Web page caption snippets

··········

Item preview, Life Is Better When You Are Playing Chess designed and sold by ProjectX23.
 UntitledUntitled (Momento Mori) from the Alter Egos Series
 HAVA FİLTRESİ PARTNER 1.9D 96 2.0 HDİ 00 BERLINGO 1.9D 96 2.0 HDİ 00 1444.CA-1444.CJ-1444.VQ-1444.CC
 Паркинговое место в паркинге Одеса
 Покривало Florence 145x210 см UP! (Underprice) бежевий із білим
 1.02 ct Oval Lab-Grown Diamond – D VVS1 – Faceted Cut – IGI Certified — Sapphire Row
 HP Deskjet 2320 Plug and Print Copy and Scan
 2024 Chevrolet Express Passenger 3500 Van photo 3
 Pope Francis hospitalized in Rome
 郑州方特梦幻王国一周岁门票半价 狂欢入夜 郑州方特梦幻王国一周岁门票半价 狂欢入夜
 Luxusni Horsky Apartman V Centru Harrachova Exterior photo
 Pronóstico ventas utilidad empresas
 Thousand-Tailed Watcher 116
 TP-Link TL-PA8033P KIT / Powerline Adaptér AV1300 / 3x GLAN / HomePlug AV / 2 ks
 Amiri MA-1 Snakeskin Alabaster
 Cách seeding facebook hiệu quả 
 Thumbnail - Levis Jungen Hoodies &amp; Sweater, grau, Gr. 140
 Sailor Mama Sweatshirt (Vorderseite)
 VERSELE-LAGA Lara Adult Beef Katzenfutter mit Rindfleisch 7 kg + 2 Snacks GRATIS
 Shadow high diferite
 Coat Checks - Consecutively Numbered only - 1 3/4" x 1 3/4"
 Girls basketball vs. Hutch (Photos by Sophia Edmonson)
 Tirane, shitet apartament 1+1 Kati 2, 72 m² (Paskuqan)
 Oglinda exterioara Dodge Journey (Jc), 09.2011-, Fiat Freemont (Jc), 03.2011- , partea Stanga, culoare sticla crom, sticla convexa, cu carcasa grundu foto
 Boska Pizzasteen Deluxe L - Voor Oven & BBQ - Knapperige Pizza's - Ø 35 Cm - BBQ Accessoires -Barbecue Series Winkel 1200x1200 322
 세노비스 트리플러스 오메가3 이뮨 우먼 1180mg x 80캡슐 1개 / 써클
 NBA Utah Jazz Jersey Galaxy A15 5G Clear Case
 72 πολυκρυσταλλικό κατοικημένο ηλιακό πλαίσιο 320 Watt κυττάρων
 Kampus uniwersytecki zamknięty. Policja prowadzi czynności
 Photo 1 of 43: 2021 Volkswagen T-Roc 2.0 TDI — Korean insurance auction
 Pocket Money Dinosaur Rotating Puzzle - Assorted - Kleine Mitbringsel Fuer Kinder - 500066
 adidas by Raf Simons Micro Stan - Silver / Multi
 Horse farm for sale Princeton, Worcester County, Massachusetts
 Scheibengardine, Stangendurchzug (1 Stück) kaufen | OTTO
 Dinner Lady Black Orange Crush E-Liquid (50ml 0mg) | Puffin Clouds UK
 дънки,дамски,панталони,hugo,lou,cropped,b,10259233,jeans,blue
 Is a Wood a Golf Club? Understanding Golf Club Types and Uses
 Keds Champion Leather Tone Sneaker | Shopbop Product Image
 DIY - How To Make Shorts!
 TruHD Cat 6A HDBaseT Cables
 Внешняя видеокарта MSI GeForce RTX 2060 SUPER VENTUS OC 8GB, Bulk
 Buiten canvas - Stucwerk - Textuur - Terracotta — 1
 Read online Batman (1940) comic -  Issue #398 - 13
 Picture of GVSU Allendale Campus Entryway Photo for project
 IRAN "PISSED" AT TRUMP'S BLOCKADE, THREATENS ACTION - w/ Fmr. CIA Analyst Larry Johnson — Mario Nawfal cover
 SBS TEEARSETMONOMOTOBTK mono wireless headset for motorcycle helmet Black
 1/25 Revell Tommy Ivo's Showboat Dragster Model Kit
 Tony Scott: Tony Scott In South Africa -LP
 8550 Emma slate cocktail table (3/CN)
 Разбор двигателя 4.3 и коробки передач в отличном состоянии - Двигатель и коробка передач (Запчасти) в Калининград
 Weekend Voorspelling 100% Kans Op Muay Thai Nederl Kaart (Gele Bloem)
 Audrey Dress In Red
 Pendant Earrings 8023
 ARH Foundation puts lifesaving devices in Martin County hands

··········

• **EXERCISE PROMPT**
Starting at the line that holds "Weekend Voorspelling 100%", set down each line exactly through the last line of the records above, and no others.

• **FINAL ANSWER**
 Weekend Voorspelling 100% Kans Op Muay Thai Nederl Kaart (Gele Bloem)
 Audrey Dress In Red
 Pendant Earrings 8023
 ARH Foundation puts lifesaving devices in Martin County hands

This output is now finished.